_Task description_: Nothing but the lines from the start of the entries below through the line containing "A crowd of people" should appear in the answer, copied exactly and free of pictures.

_Listed entries_:
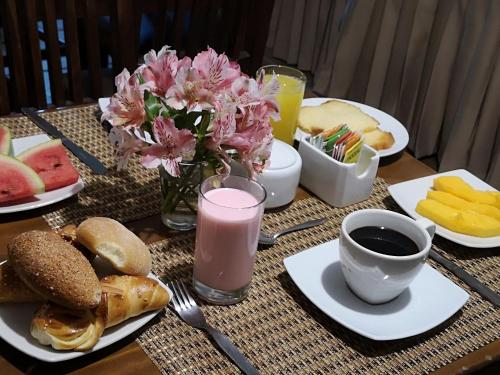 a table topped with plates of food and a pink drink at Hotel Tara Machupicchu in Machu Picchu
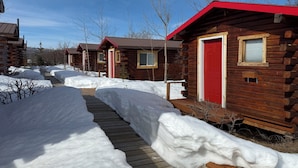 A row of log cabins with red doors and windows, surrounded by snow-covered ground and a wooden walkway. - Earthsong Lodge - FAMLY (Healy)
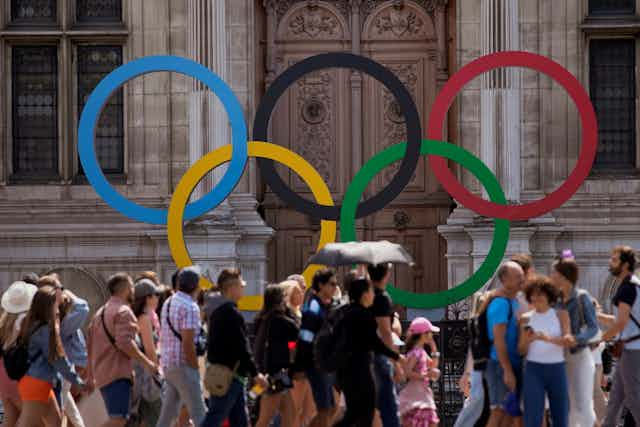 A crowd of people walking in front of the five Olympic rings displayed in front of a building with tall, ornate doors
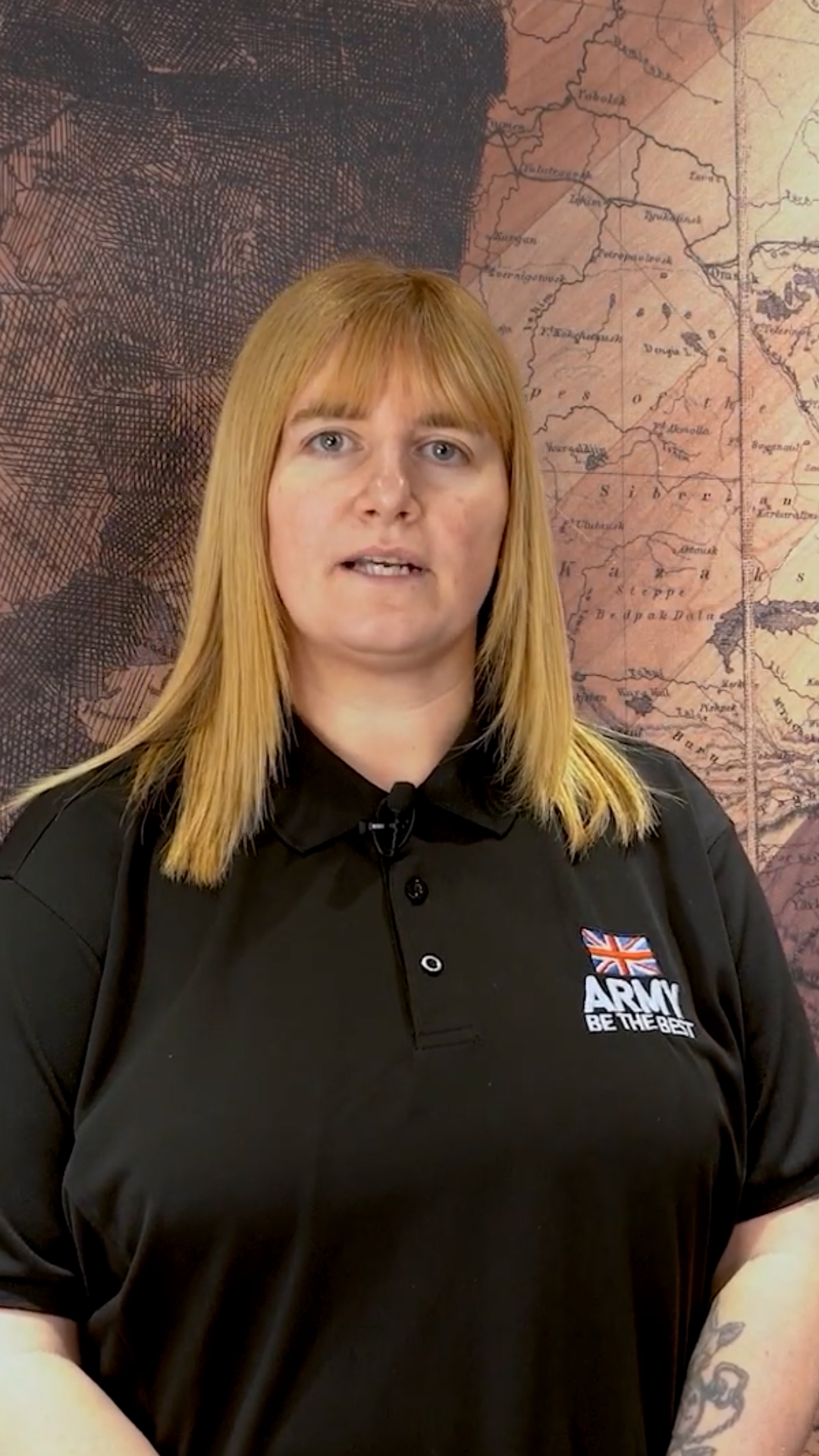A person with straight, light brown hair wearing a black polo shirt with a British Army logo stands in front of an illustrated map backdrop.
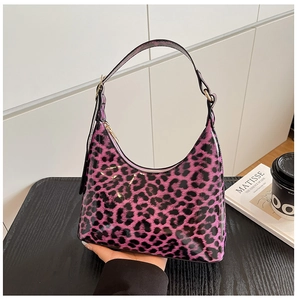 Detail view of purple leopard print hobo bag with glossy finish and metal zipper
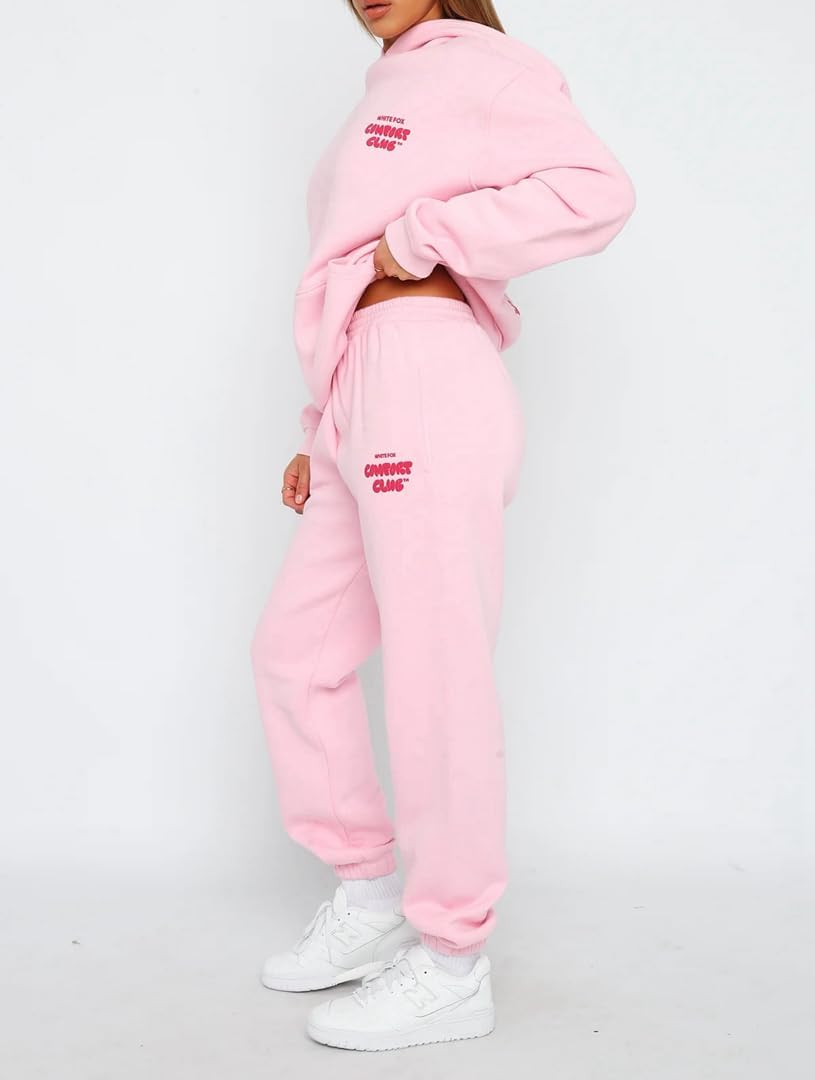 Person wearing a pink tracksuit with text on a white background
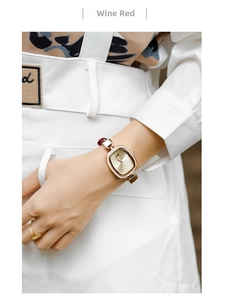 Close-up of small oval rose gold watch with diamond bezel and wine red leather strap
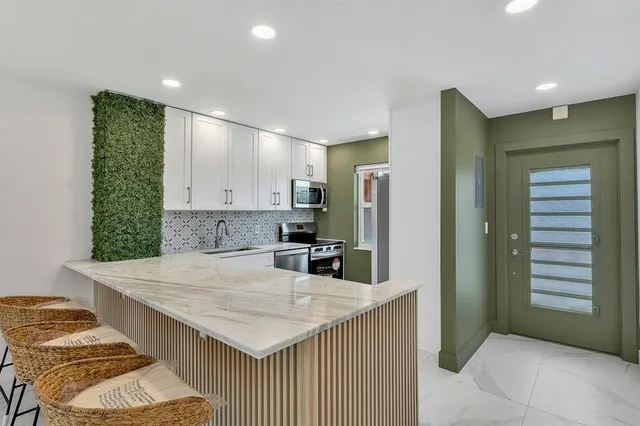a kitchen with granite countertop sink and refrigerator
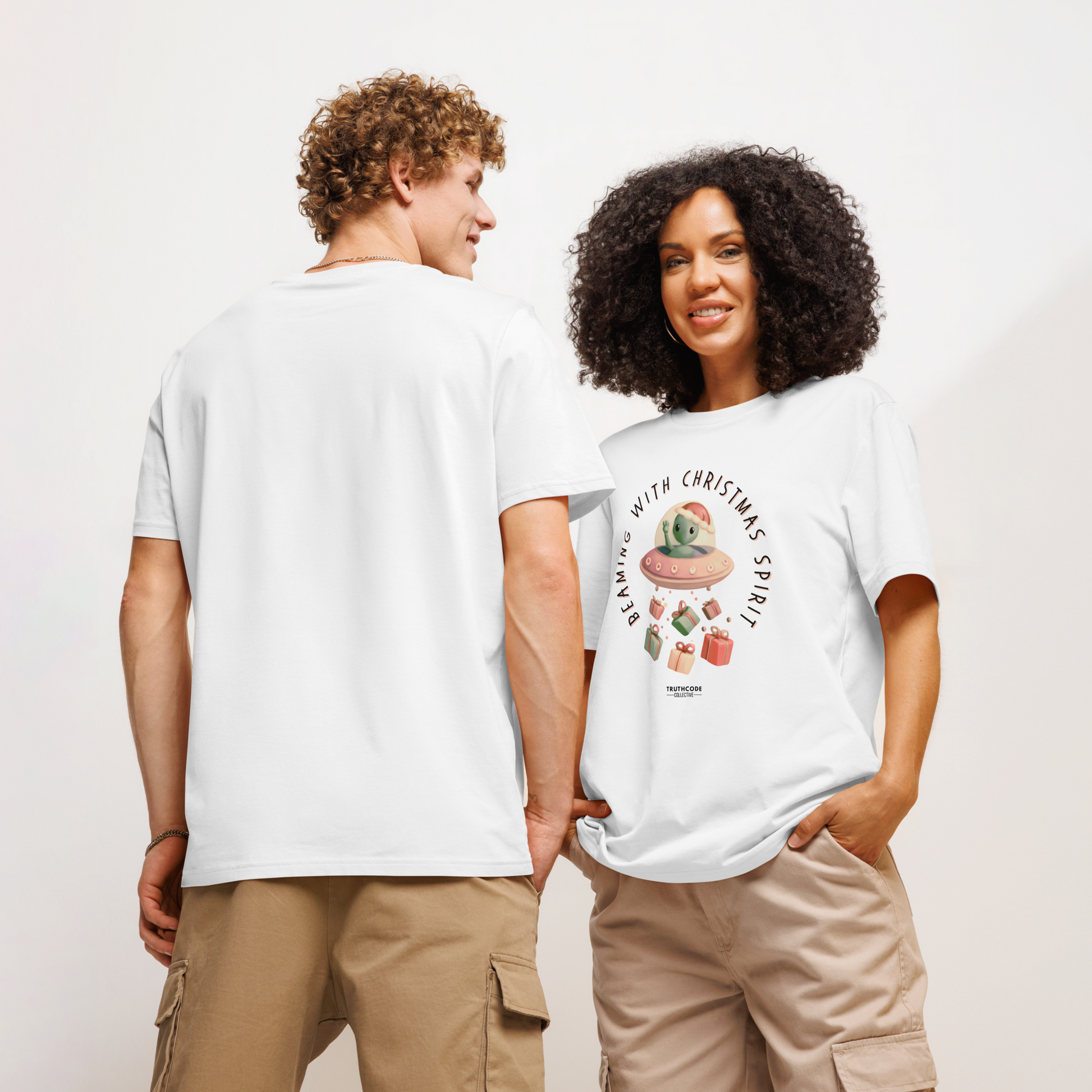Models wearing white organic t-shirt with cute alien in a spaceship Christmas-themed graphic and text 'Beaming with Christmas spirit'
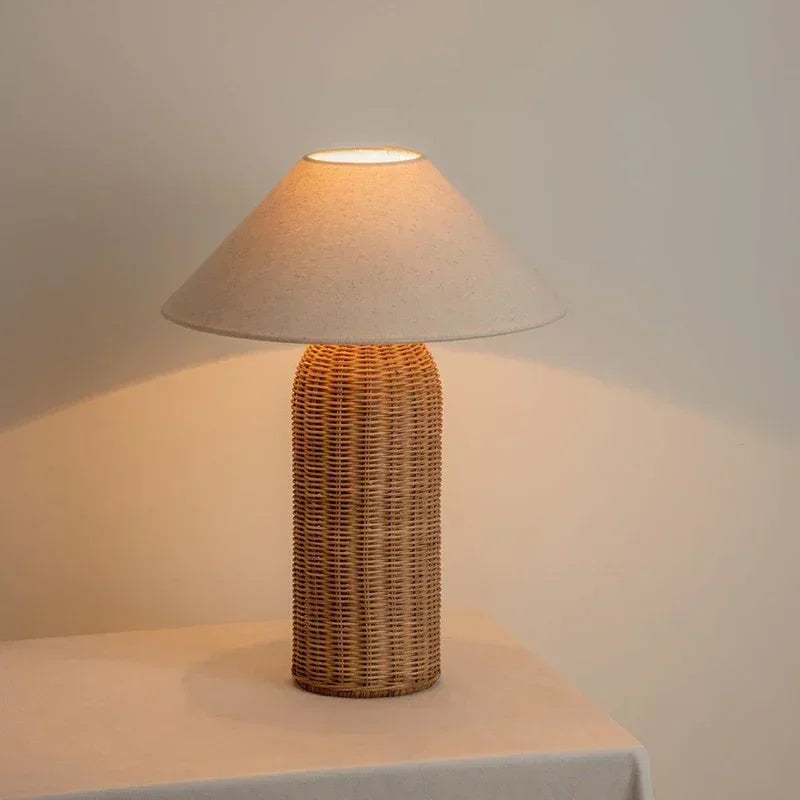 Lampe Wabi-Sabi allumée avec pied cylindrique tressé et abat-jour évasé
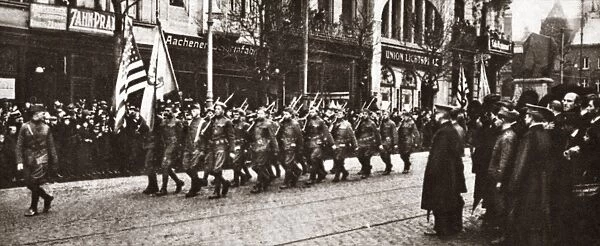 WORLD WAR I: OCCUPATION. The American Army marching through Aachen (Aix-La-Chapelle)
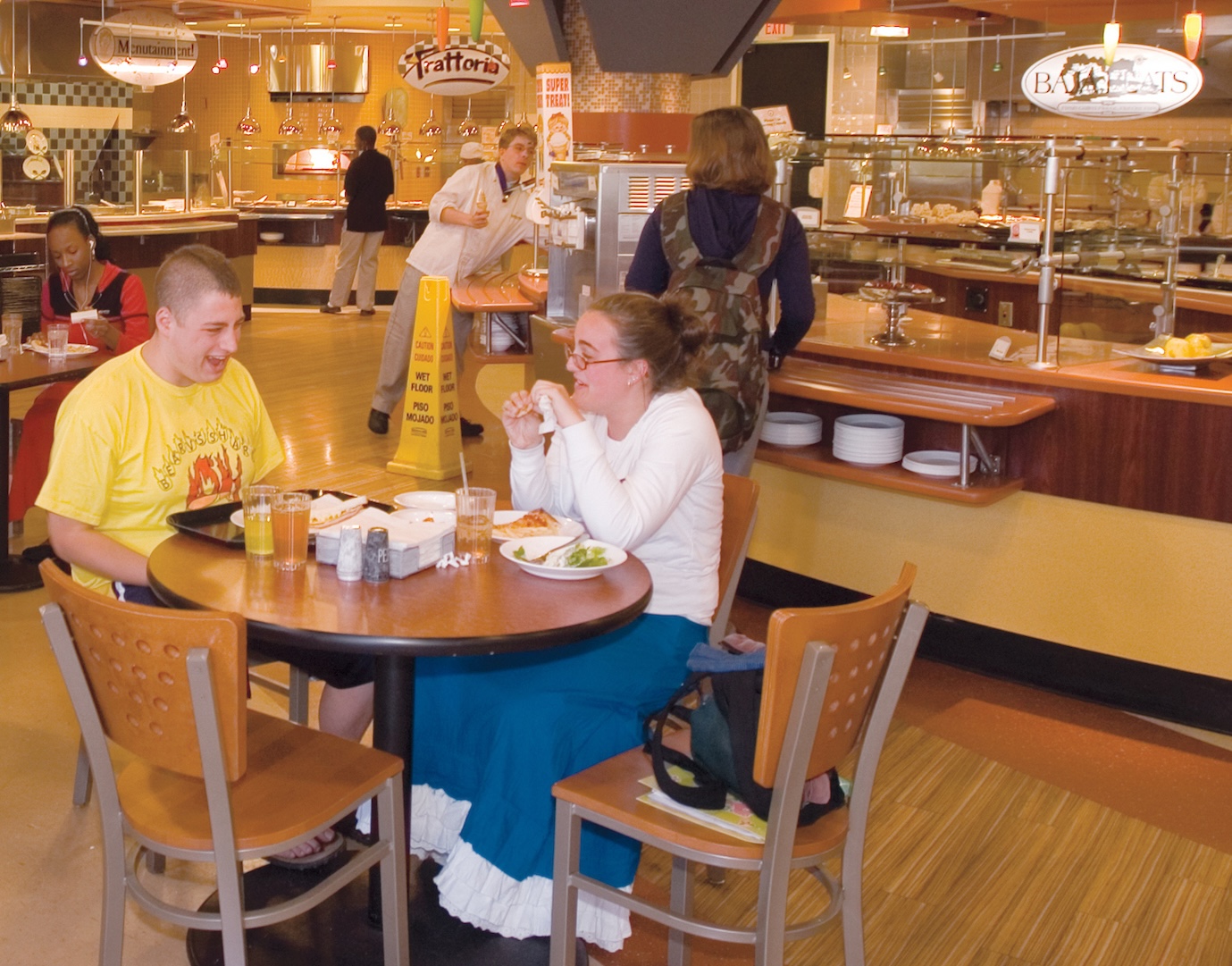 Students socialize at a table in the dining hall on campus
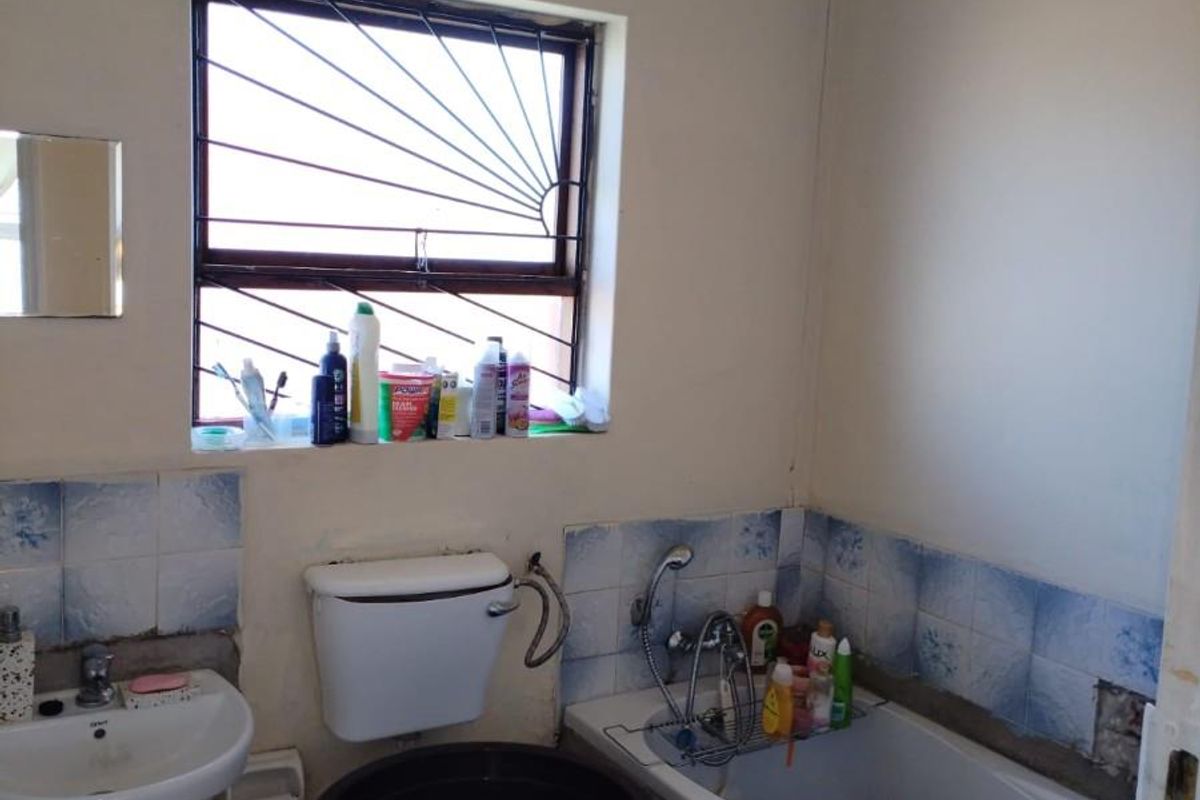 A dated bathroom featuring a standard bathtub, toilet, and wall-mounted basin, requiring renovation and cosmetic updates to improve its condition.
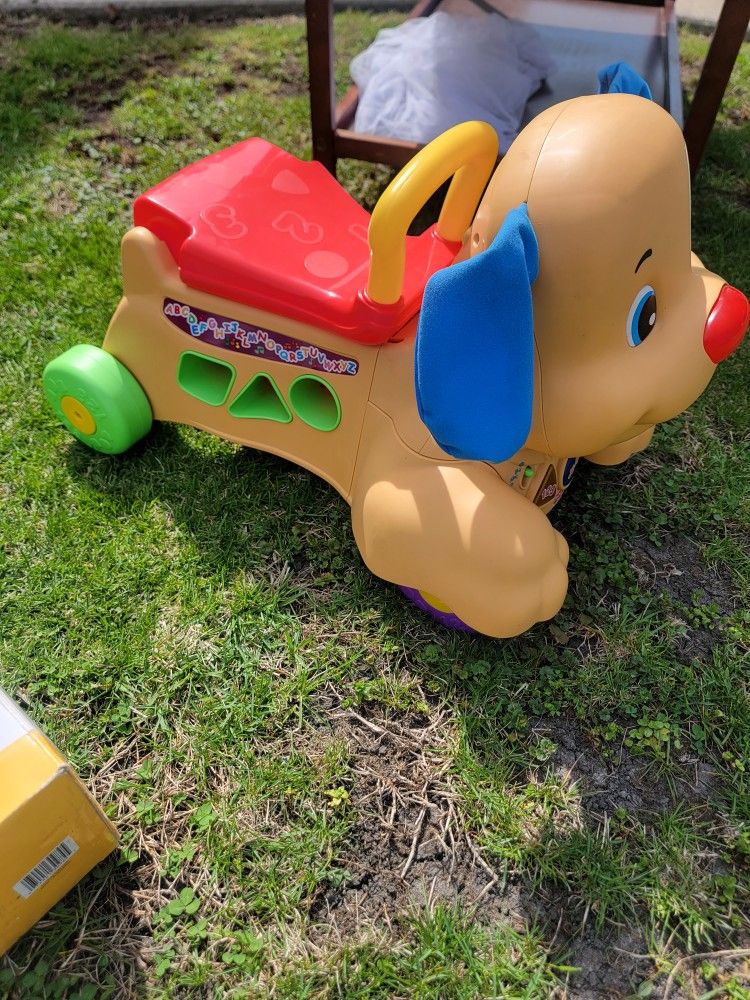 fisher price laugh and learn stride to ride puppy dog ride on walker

_Output_:
 a table topped with plates of food and a pink drink at Hotel Tara Machupicchu in Machu Picchu
 A row of log cabins with red doors and windows, surrounded by snow-covered ground and a wooden walkway. - Earthsong Lodge - FAMLY (Healy)
 A crowd of people walking in front of the five Olympic rings displayed in front of a building with tall, ornate doors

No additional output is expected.